Ciertas noticias históricas señalan que la localidad de Castro de Alcañices quedó integrada en Portugal en los momentos de independencia de ese vecino reino, allá por la mitad del siglo XII. Sin embargo esa permanencia no fue duradera. Alrededor del año 1200, un caballero, señalado como Nuño de Zamora, que probablemente pudo ser Nuño Froilaz, ocupó y repobló el lugar, poniéndolo bajo la autoridad del monarca de León, que por entonces era Alfonso IX. Desde antiguo y durante bastante tiempo el pueblo se denominó Castro Latronis, Castro Ladrones, cambiándose posteriormente al nombre actual por sus connotaciones peyorativas.

El establecimiento de habitantes en sus solares es muy anterior a las fechas antes señaladas. Sobre el cerro contiguo al casco urbano por el oeste quedan huellas de la existencia de un asentamiento humano fortificado. No en vano las gentes siguen llamando a ese pago Los Castros. Tal enclave, dividido en fincas, se aprovechó secularmente para la agricultura, hallándose en nuestros días semioculto por la maleza. Por esas causas no resulta fácil el apreciar los vestigios de defensas o de cabañas que pudieran conservarse.

Interesándonos por el actual núcleo, lo vemos encaramado sobre una especie de collado, en una ubicación amena y pintoresca. Sus casas, muchas creadas de nueva planta y las demás modernizadas, no han perdido los rasgos característicos de la arquitectura tradicional de la comarca. En general, el aspecto que se percibe es el de un grato bienestar.

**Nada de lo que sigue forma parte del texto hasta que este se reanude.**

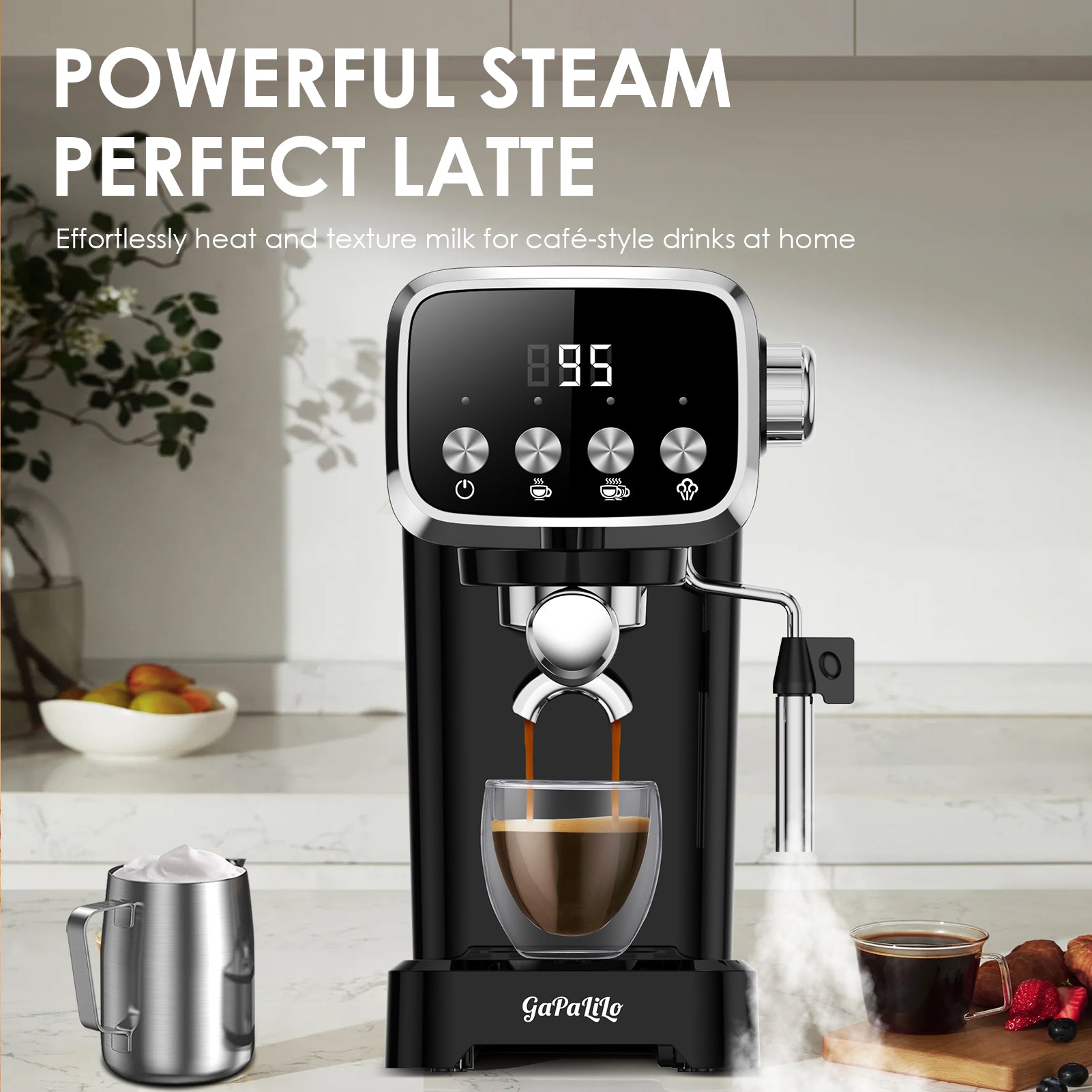 20 Bar Slim Espresso Machine With Milk Frother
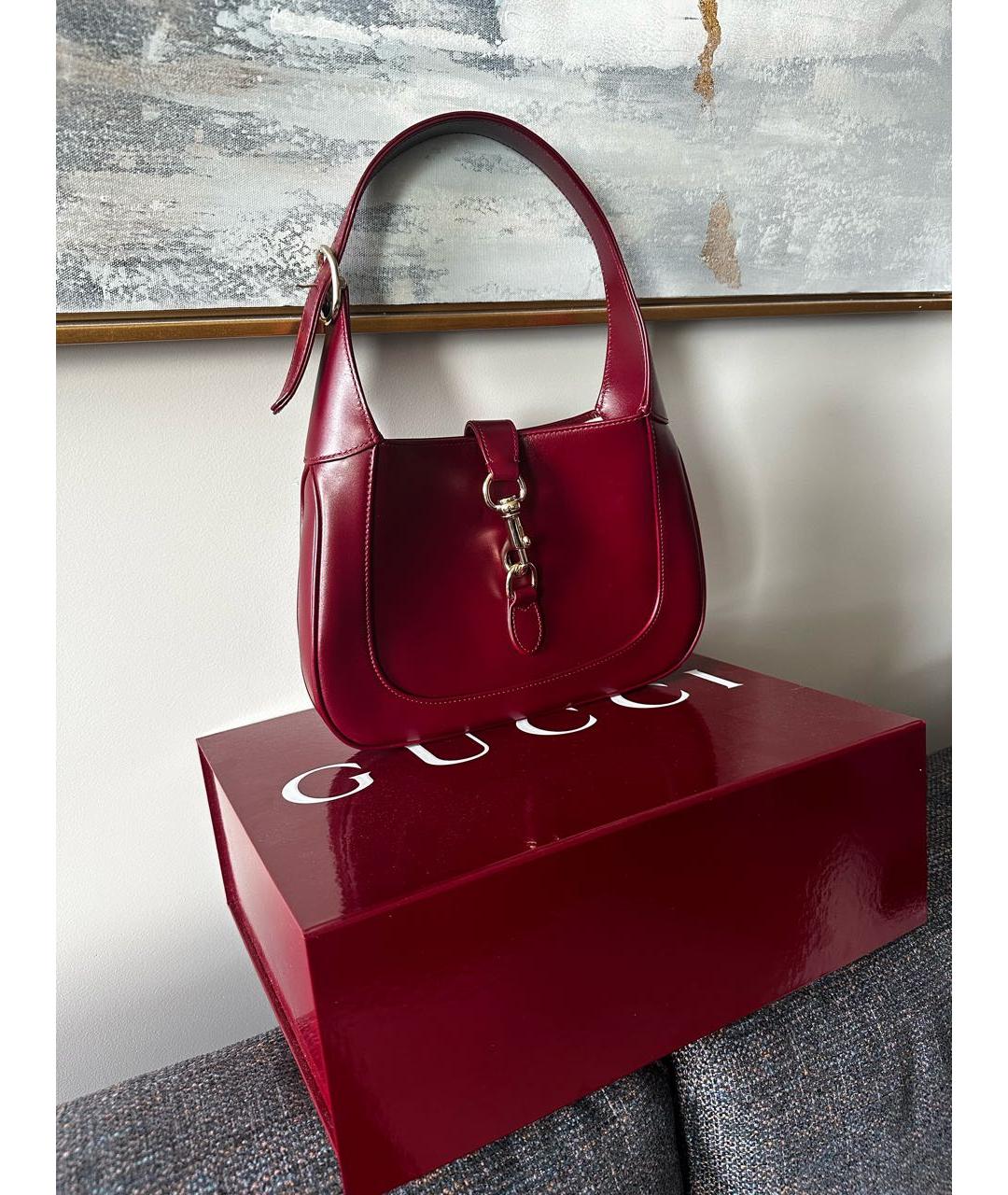 GUCCI Бордовая кожаная сумка с короткими ручками, фото 4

A ambos lados de la carretera según entramos desde Fonfría se extienden las eras. En uno de sus bordes llama la atención una peña de formas singulares. Semeja estar formada por varias masas globulares colocadas unas sobre otras. Además, en su cumbre resiste un escuálido arbolillo que asombra pueda sobrevivir en ese punto, con las raíces clavadas en minúscula grieta, careciendo de cualquier tipo de tierra y soportando una intensa aridez. Por detrás, dentro ya de una finca, se sitúa un hermoso y bien restaurado palomar. Posee planta cuadrada, con el cortavientos superior erizado de bloques puntiagudos de cuarzo blanco, colocados como atractivo reclamo. Un poco más adelante topamos con la Fuente Grande, rústica y modesta a pesar de tal calificativo. Consta de un pozo forrado con piedras desiguales y con una gran lastra superior como cubierta. Otro punto de atención es la cercana ermita, a la cual le han repuesto el tejado después de largas décadas carente de él. Es en realidad un sencillo humilladero, no muy grande, desprovisto de cualquier detalle ornamental. Sus muros laterales son de mampuesto, reservándose los sillares mejor escuadrados para la fachada. En ésta se reconocen los característicos huecos donde encajaron las vigas del desaparecido portalillo que protegió la entrada. Arriba del todo emerge una diminuta espadaña, vacía ahora. Finalmente, a un lado se emplaza el tradicional potro, creado con grandes puntales de granito. Al parecer lo trasladaron a este rincón desde otro enclave hace más de 50 años.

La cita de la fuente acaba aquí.